We’ve touched on political party differences in past discussions, but a study by CivicScience takes that to a whole new level. After surveying 191,144 Americans over the course of the last six months, CivicScience says its list of 255 questions is an accurate predictor of whether someone will vote for Romney or Obama. Here are the questions that relate to sportsmen’s issues, plus what your answers may indicate about you.
#6 Energy Policy- While debates about Obama’s economic and health care policies have dominated his first term, that doesn’t mean that voters are any less divided on matters pertaining to energy. 76% of Romney supporters feel that solar energy should not be subsidized by the government (#13). Just as many Obama supporters feel the opposite. For more traditional forms of energy, Obama supporters feel that the economic benefits of coal energy do not outweigh its adverse environmental impact (#36), and that taxes should be raised on the oil and natural gas industry (#47). Romney supporters? Not so much.
#10 Gun Control- Obama supporters love guns. Romney supporters don’t. (Okay, it’s the opposite – just keeping you on your toes.)
#21 Sports and Country- We can safely assume that a big NASCAR fan is going to support Romney.

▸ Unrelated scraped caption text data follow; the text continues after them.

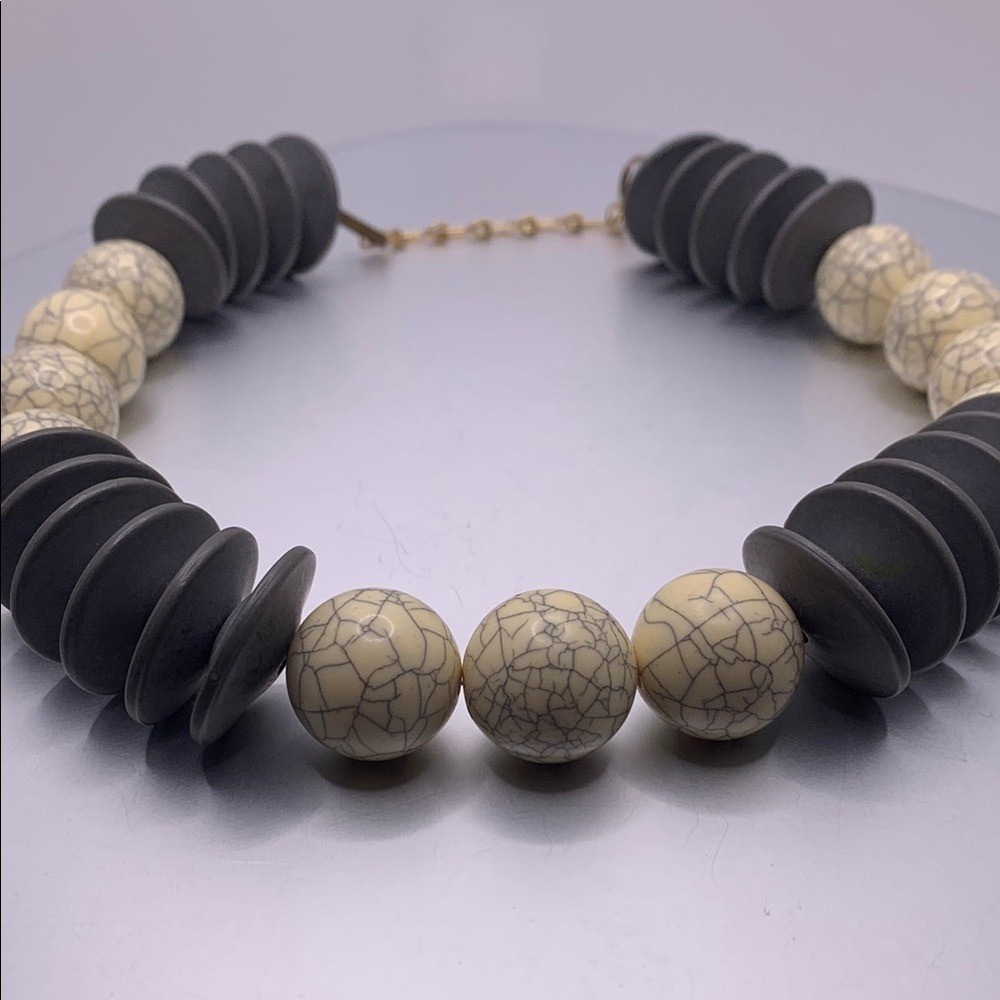 Vintage Chunky Gray and Cream Beaded Necklace 16″ Gold Tone Hook Clasp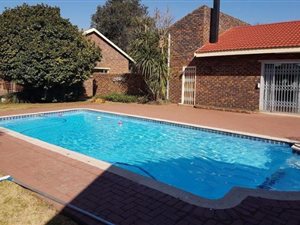 6 Bed House in Meyerton Park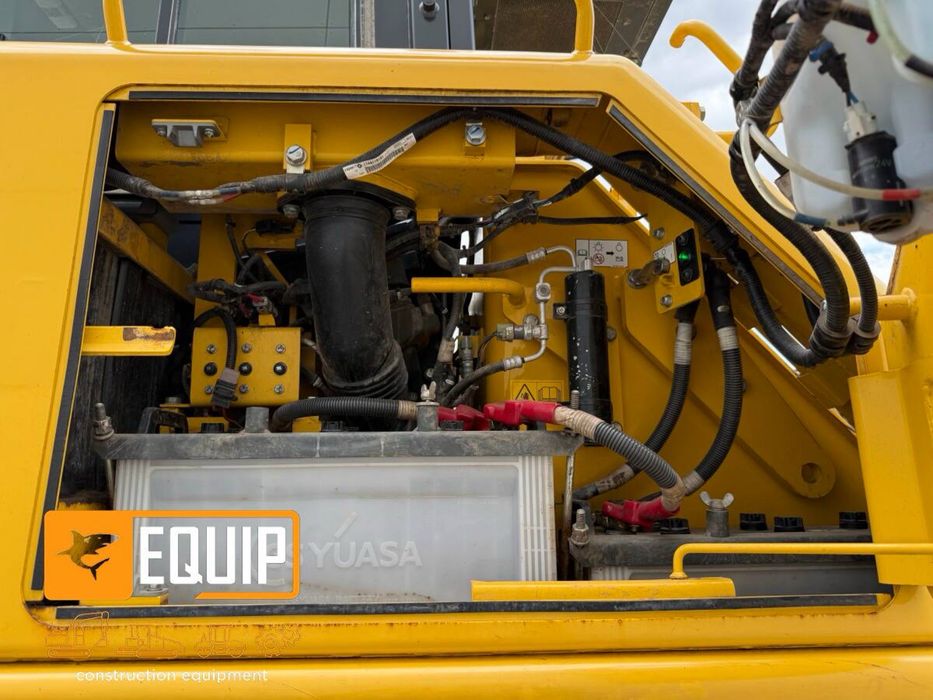 Komatsu D155AX-8 бульдозер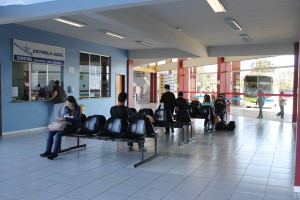 Nos terminais rodoviários, procura por bilhetes já aumentou (Mariana Honesko/Jornal O Comércio)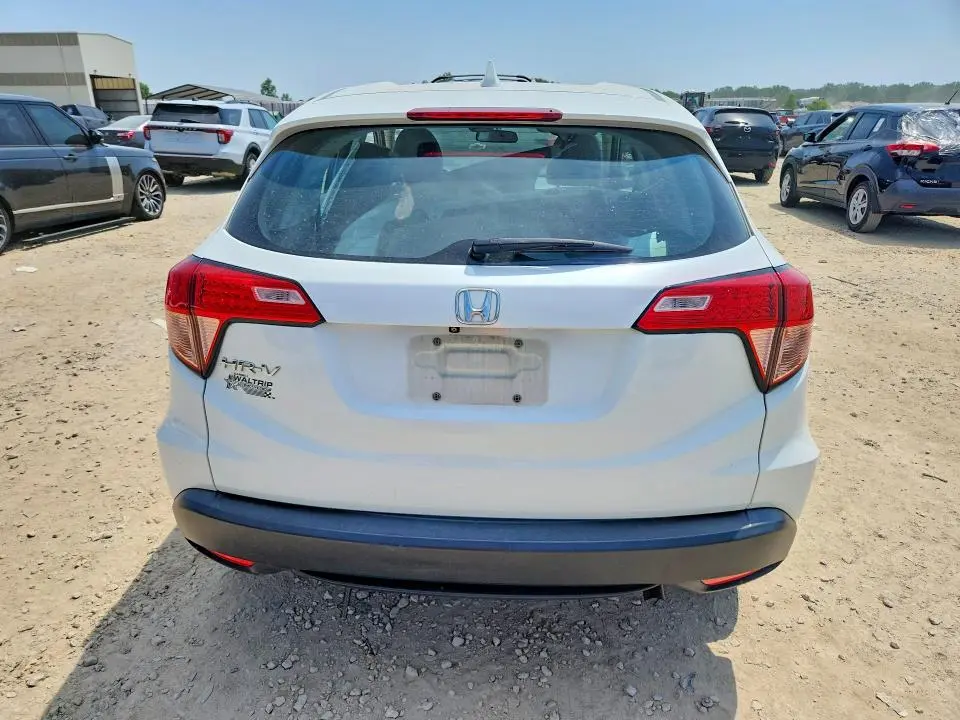 2016 HONDA HR-V LX  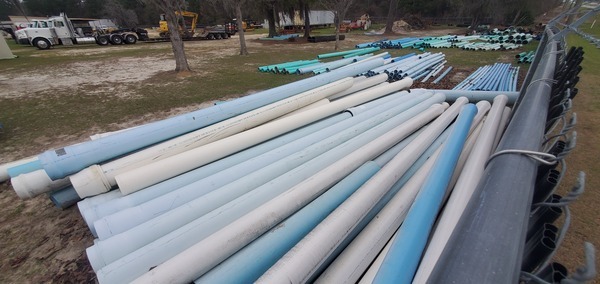 [Pipe yard next to Valdosta sign, 15:41:49, 30.8432712, -83.2456592]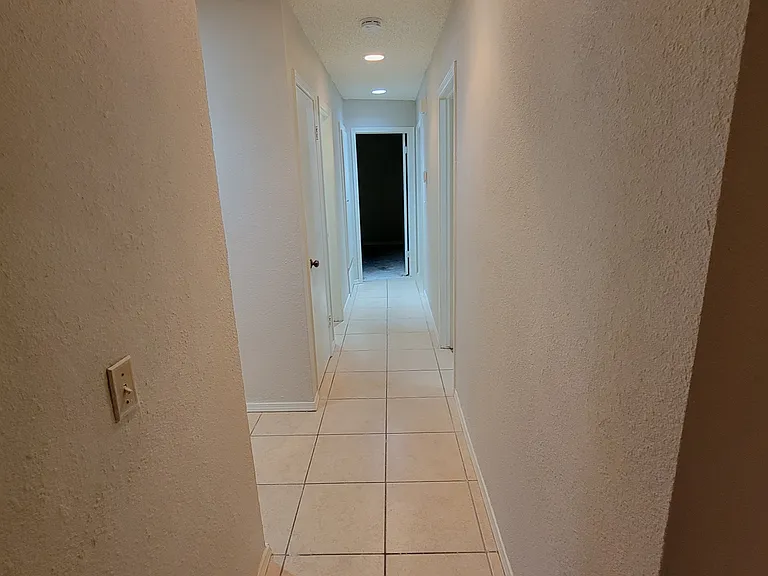 2908 Kathy Ln — Photo 12
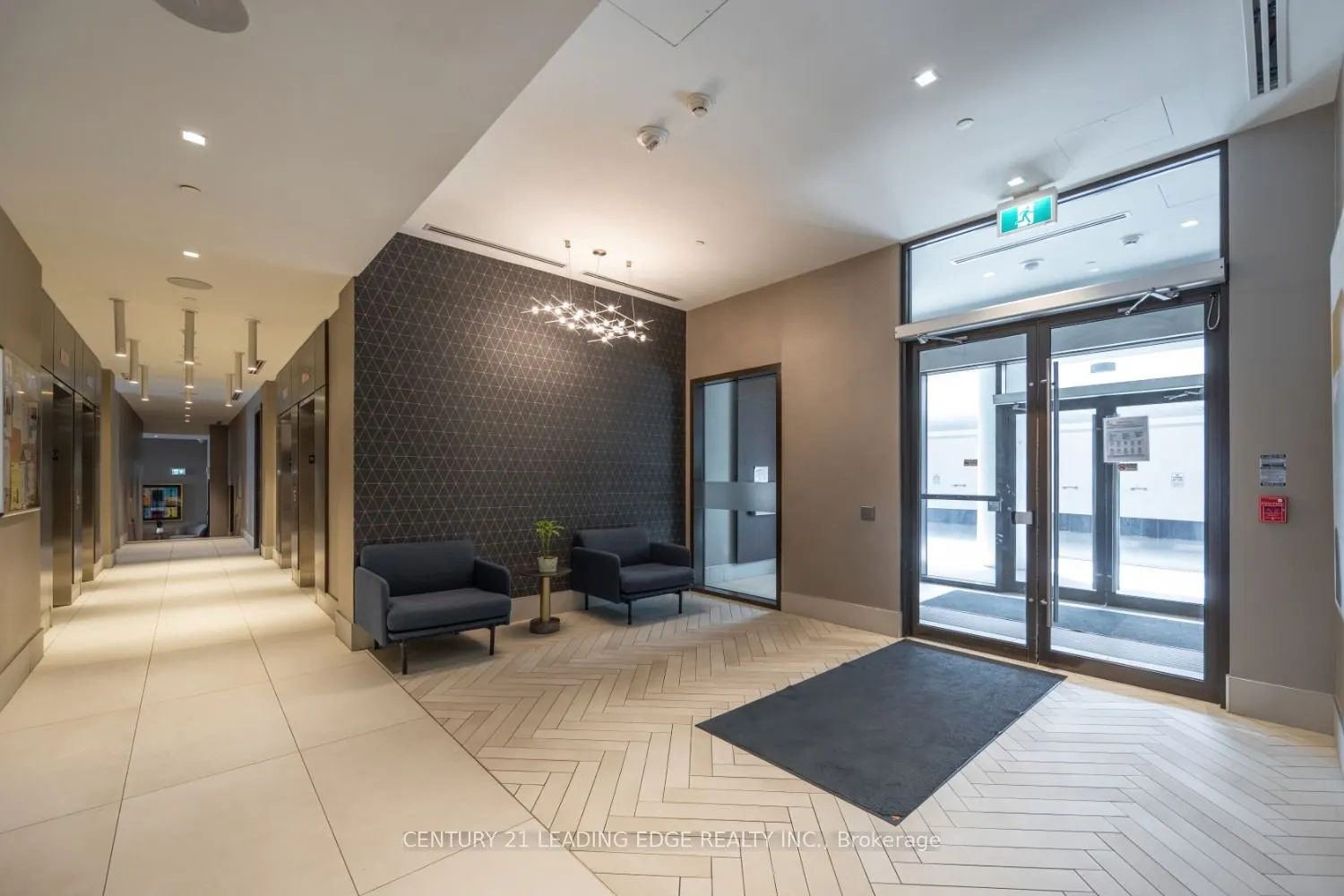 2550 Simcoe Street N, #202
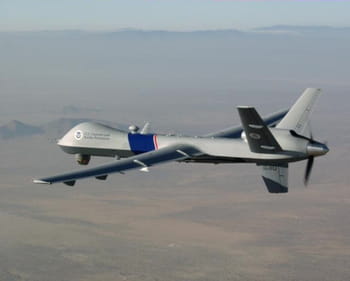 le drone douanier.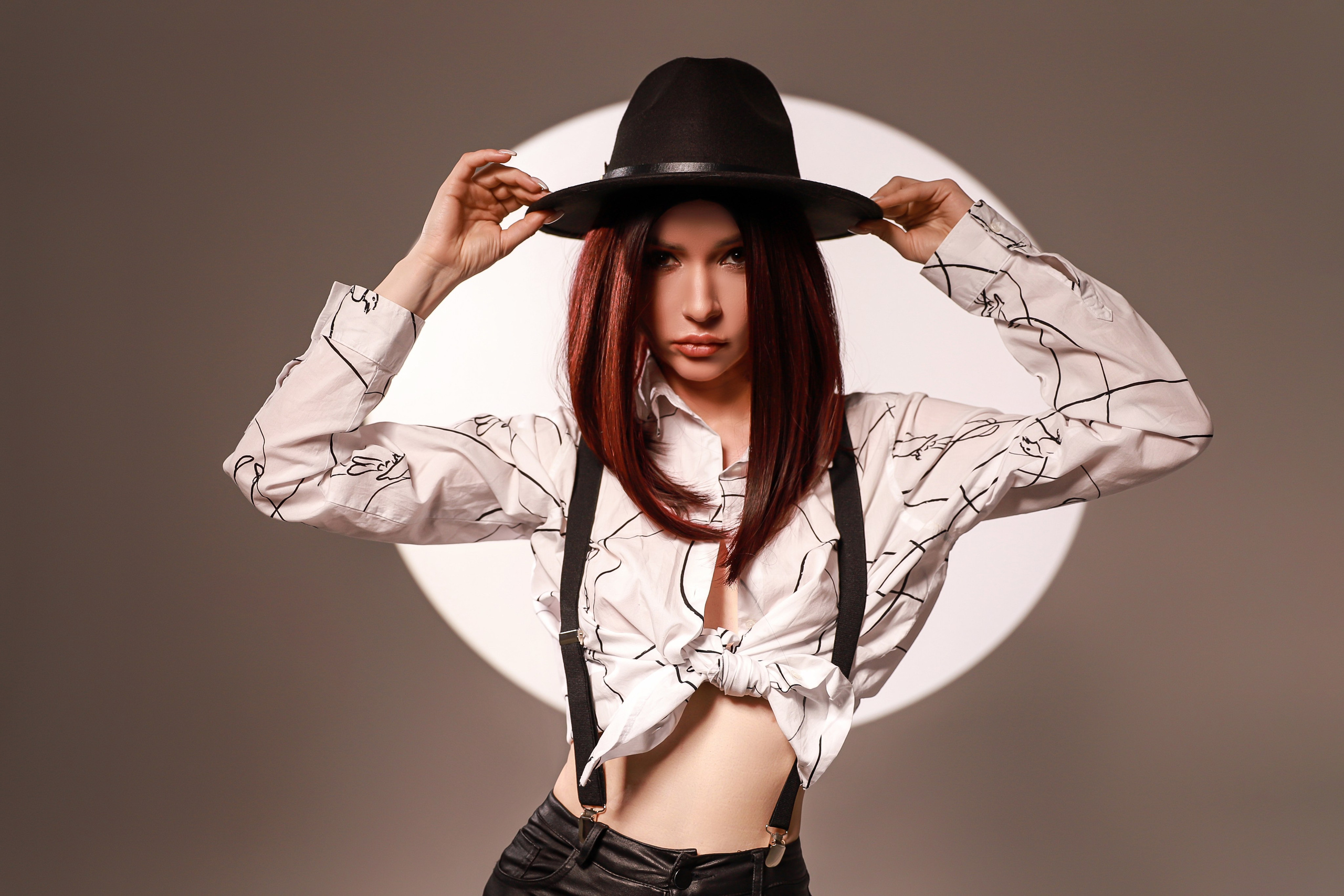 Фоновая студия. Семейный и свадебный фотограф в Донецке Донская Анастасия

Same holds true if they like to hunt or fish, or listen to country music.
Also interestingly, people who have blue eyes or own dogs are more likely to vote Romney, while someone who drives a General Motors, Mini or Fiat vehicle is probably in the Obama camp.
CivicScience’s survey meets what statisticians call “statistical significance”–in other words, how you answer the survey truly predicts how you’re likely to vote, even if you’d prefer to keep it a secret. However, we wonder if this survey would’ve been applicable, say, 20 years ago. As a whole, American voters have arguably never fallen into more easily defined political camps. According to the National Journal, just 15 years ago, more than half of House members were centrists. But now, nearly all have been voted out by a war on moderates resulting from our vast political divide. Few Blue Dog Democrats and so-called “RINO” Republicans have survived. Political analysts say the parties have been pushed toward opposite ends of the spectrum. And, if a party has drifted from the center, wouldn’t that make it easier to predict its supporters?